月のシズク
mamico



 オレンジ色のトレンチコート

贅沢なことに眼がない私だけど、所有することは苦手だ。
日々の生活の中で、本当に必要なものは、思いのほか少ない。
大人になり、歳を重ねるにしたがって、そう感じるようになった。

先日、某有名アパレルメーカーのファミリーセールへ行ってきた。
学生時代からの男トモダチが、スーツを買いたいというのでお供したのだ。
会場は、男性衣料品と女性のものとが別会場になっていた。音楽業界に
勤務する友は、それなりに身なりに気を遣う必要性もあり、いつ会っても
きっちりとした服装をしている。そして、スーツを二着、お買い上げ。

友の買い物が終わってから、申し訳程度に女性の会場にも入ってみた。
ゴージャスなファーの付いたコート。
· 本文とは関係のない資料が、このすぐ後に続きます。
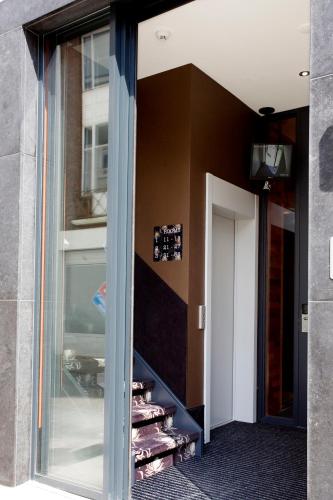 Hotel Roermond Next Door - image 10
めまぐるしい数のセーターやスカート。
ブーツや鞄などの小物もある。けれど、私は何も必要がなかった。美しい
布地の、すべらかな肌触りを楽しむだけで十分。

「むかしは、よく、こんな恰好していたのにね」
私の学生時代を知っている友は、お洒落なスーツを着たマネキンを見てそう云う。
そう。あの頃の私は、今よりぜんぜん大人っぽかった。いつも踵のある靴を
履き、仕立ての良い服をまとっていた。虚勢を張りたかっただけかもしれない。
大人の女に見せかけたかっただけかもしれない。と、今になって思う。
高価なスカーフやジャケットは、あの頃の私には不釣合いだったはずだ。

会場をぐるっと見回すと、鮮やかなイタリアン・オレンジが目に付いた。
細身のトレンチコートは、眼を細めたくなるほど、強く主張していた。
私はそれを手にとって「着てみるだけ」と云い、袖を通す。

鏡をのぞくと、子どもじみた顔が、どこかしら気障に映った。
こういう服は、40か50代になったとき、本当に似合うようになるだろう。
イタリアやパリで見たマダムたちのように、歳を重ね、服に負けない迫力が
ついたときに初めて、洋服と自身が馴染むのだ。そう思うと、年齢の重ね方
も少し楽しみになる。たった、それだけのことなんだけどね。